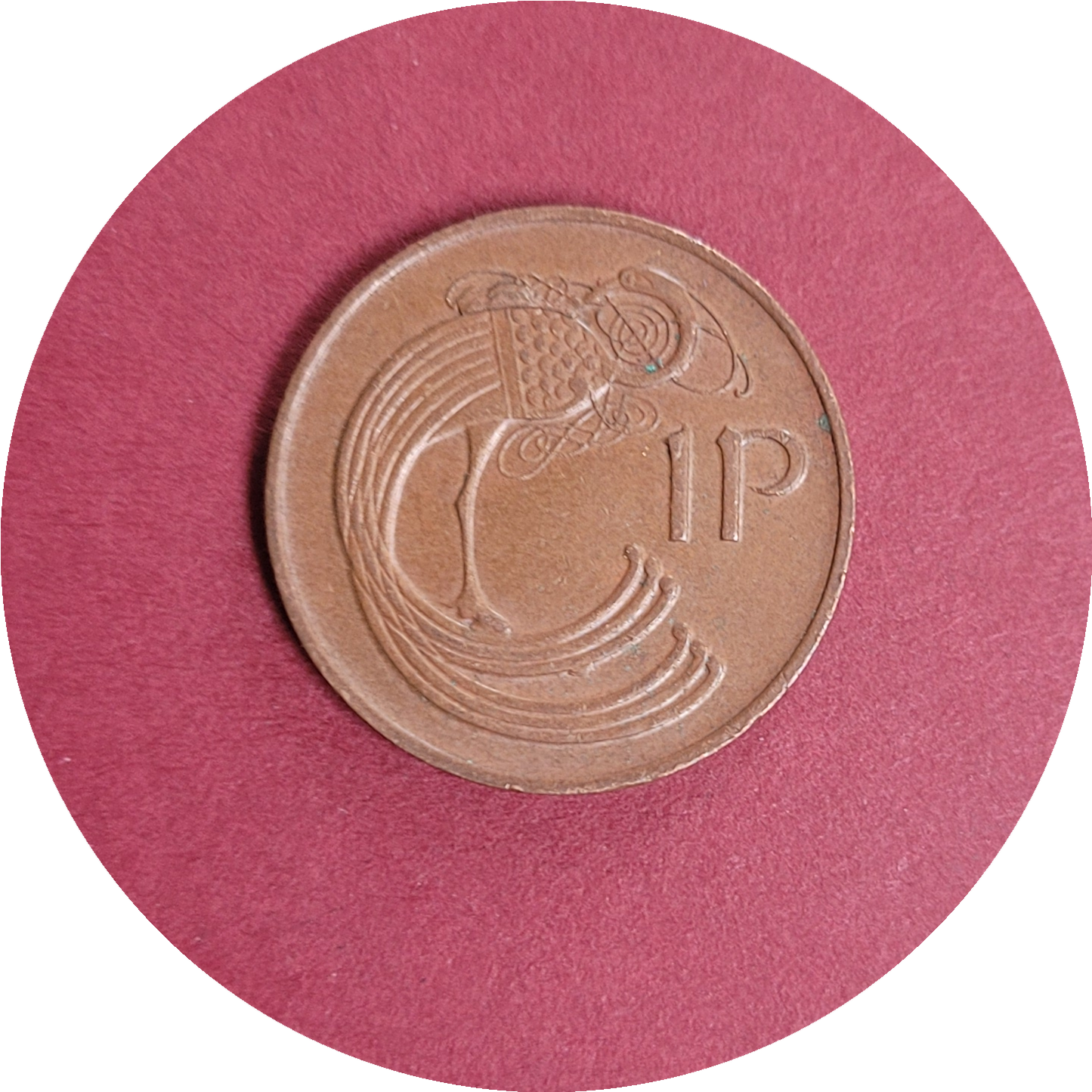 Elizabeth II,
One pence,
Republic of Ireland,
1980 (B)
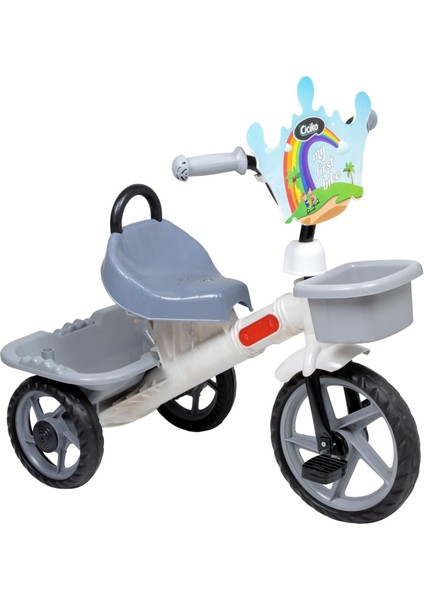 C-1150 Rüzgar Üç Tekerlekli Ön Arka Sepetli Siperlikli Çocuk Bisikleti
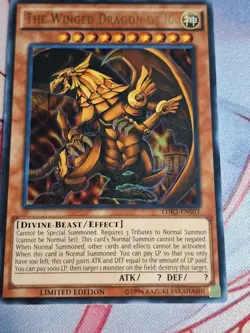 Yugioh - The Winged Dragon of Ra | Limited Edition | LDK2 ENS03 | Ultra Rare - Image 2
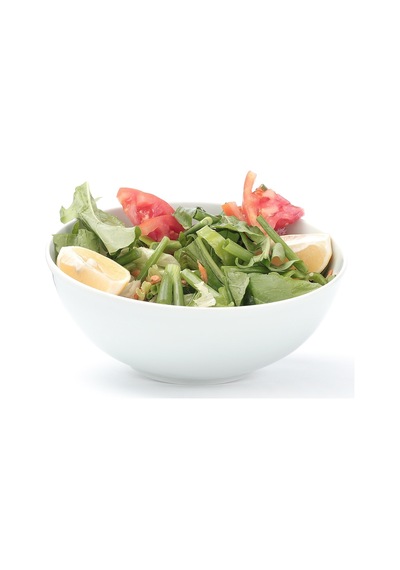 Güral Porselen Porselen Salata Tabağı  Çok Amaçlı Tabak 20 CM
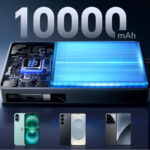 Joyroom JR-PR1 10000mAh 22.5W Powerbank with Built-in Retractable USB-C Cable - Black - Image 5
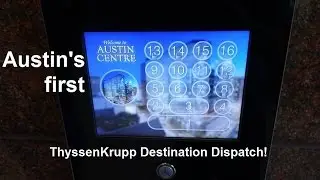 УДИВИТЕЛЬНО!!!!! Тяговые лифты ThyssenKrupp Destination Dispatch в торговом центре Остина!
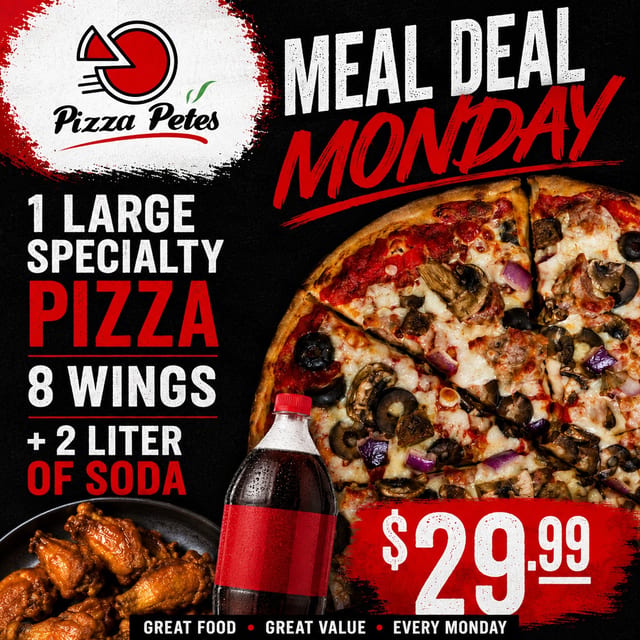 Monday Meal Deal.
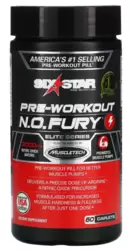 Pre-Workout N.O Fury - Six Star (60 Cápsulas)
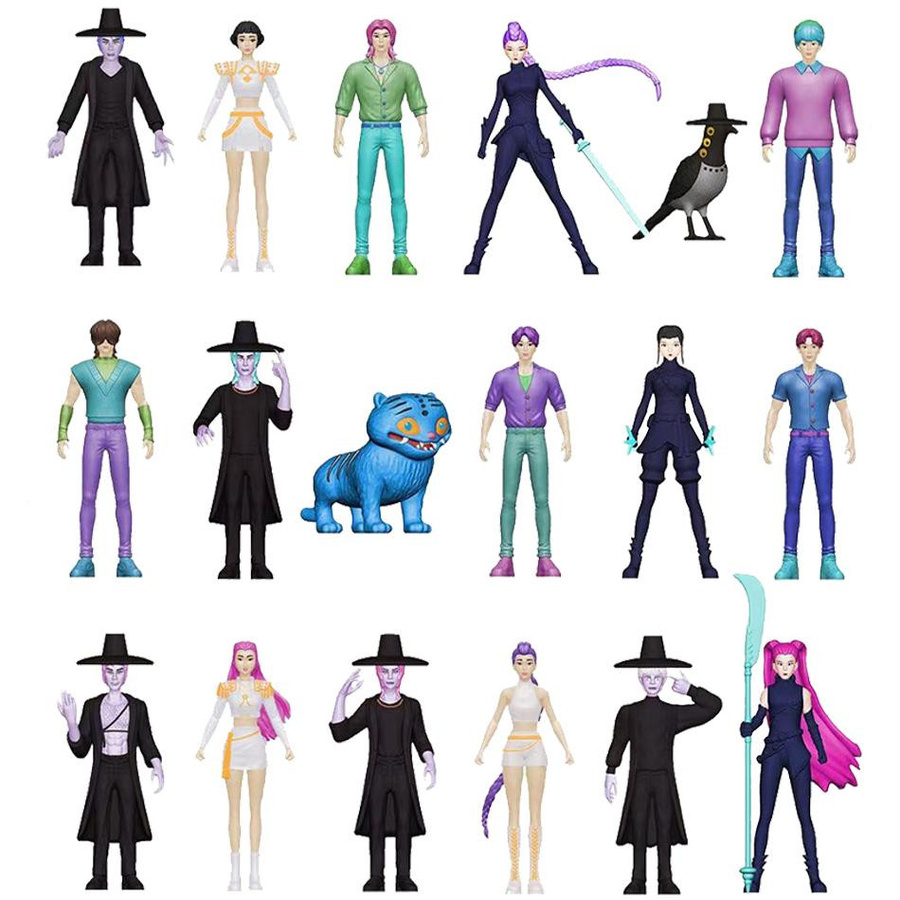 Fashnics Kpop Dämonenjäger Actionfigur Set Bunt / Mehrfarbig - Bild 4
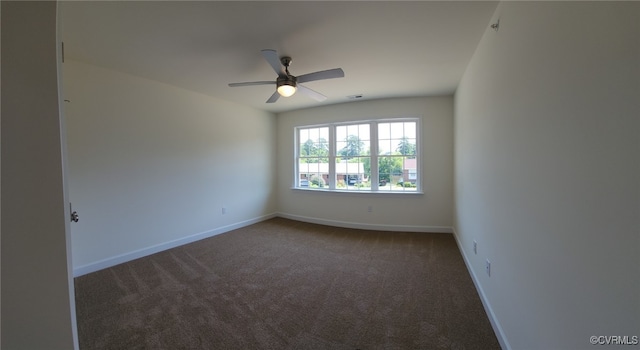 3104 Aqua Ct, Richmond, VA 23230 - unfurnished room with dark colored carpet and a ceiling fan
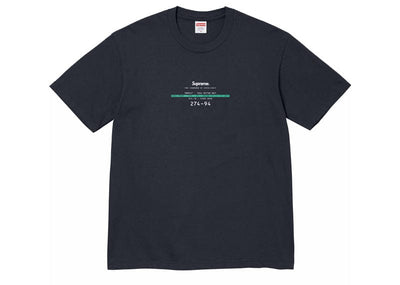 Supreme streetwear Supreme Standard Tee Navy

Instructions for the task -
Write out again, exactly, each line from the one with "C-1150 Rüzgar Üç" to the end of the entries. No pictures go in.

Finished task -
 C-1150 Rüzgar Üç Tekerlekli Ön Arka Sepetli Siperlikli Çocuk Bisikleti
 Yugioh - The Winged Dragon of Ra | Limited Edition | LDK2 ENS03 | Ultra Rare - Image 2
 Güral Porselen Porselen Salata Tabağı  Çok Amaçlı Tabak 20 CM
 Joyroom JR-PR1 10000mAh 22.5W Powerbank with Built-in Retractable USB-C Cable - Black - Image 5
 УДИВИТЕЛЬНО!!!!! Тяговые лифты ThyssenKrupp Destination Dispatch в торговом центре Остина!
 Monday Meal Deal.
 Pre-Workout N.O Fury - Six Star (60 Cápsulas)
 Fashnics Kpop Dämonenjäger Actionfigur Set Bunt / Mehrfarbig - Bild 4
 3104 Aqua Ct, Richmond, VA 23230 - unfurnished room with dark colored carpet and a ceiling fan
 Supreme streetwear Supreme Standard Tee Navy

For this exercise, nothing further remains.